Что мог ответить на это Струмилин? Ему было и радостно, и больно видеть скорбное лицо Лили. И, желая шуткой разрядить напряжение, которое сама же себе создала обидчивая и мнительная Лиля, Струмилин сказал не то, что хотел сказать:

— Ты не ошиблась…

Лиле не хватало воздуха. Она смотрела на Струмилина так, будто только сейчас поняла, что перед ней не он, а кто-то другой. От этой мысли ей становилось страшно. Но, глядя в усталые глаза Струмилина, она не верила его словам. Эти глаза любили, они умоляли: «Не уходи, без тебя мне так неуютно и холодно…»

Лиля прошептала:

— Николай Сергеевич, вы же пошутили? Скажите, пошутили?..

— Я сказал правду, — снова солгал Струмилин. Что-то садистское колыхнулось в эту минуту в его сердце.

— Так значит… Значит, вы меня обманывали? Значит, все, что я принимала за любовь…

Струмилин медлил с ответом. Переулок, в котором они остановились, был тихим, безлюдным. Было слышно, как где-то неподалеку, в одном из дворов, метла дворника ритмично, приглушенно шаркала о шершавый асфальт.

Струмилин положил на Лилины плечи руки. Лиля в эту минуту была уверена, что она любима. Но в ней снова и снова, как это было при каждом свидании, пробуждалось ненасытное желание еще и еще раз убедиться в том, что он ее любит.
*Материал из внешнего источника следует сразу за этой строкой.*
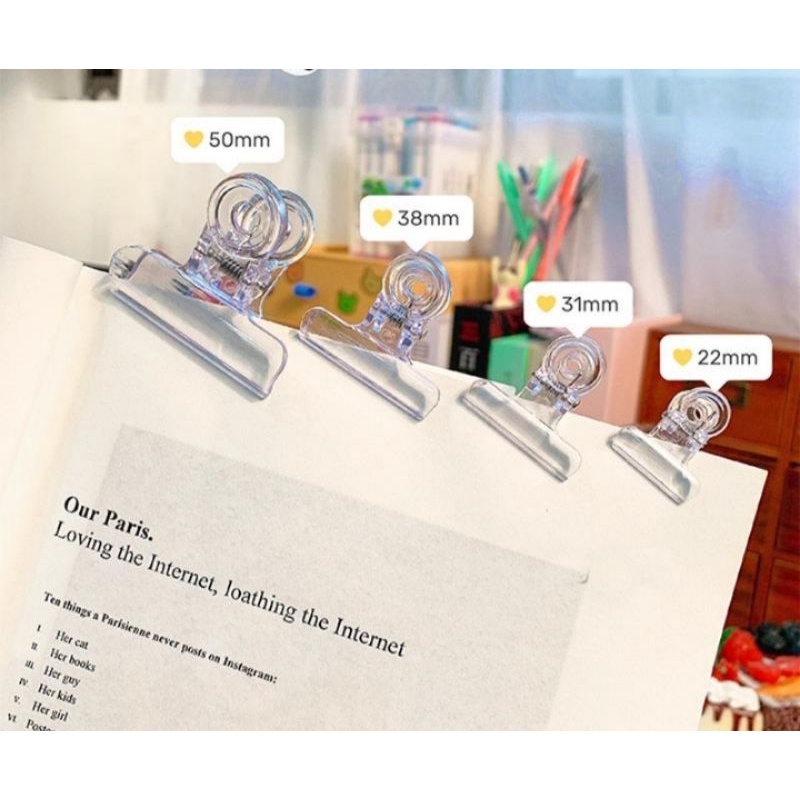 

Q441 - Binder Clip Transparent /Bill Clip Stationery Office / Clip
— Разве ты не видишь, как я люблю тебя?! — сказал наконец Струмилин.

Губы Лили вздрагивали:

— Зачем вы так неосторожно шутите, Николай Сергеевич? Не делайте больше этого…

Струмилин видел в глазах Лили отражение ночных огней.

— Когда ты перейдешь ко мне? — вдруг спросил он.

Лиля покорной девочкой стояла перед Струмилиным и преданно смотрела ему в глаза:

— Я приду к вам завтра. Я приду к вам навсегда. На всю жизнь…

VII

В прокуратуре Союза Шадрина принял инспектор по кадрам Гудошников. Сразу же, с первого взгляда, он чем-то пришелся по душе Дмитрию. Может быть, тем, что на инспекторе еще лежала свежая, неистребимая печать войны, или тем, что, приглашая сесть, он не сделал той деловито-слащавой «дежурной» улыбки, которую последние годы все чаще стал замечать Шадрин на лицах некоторых официальных лиц, с которыми ему пришлось сталкиваться по делам службы.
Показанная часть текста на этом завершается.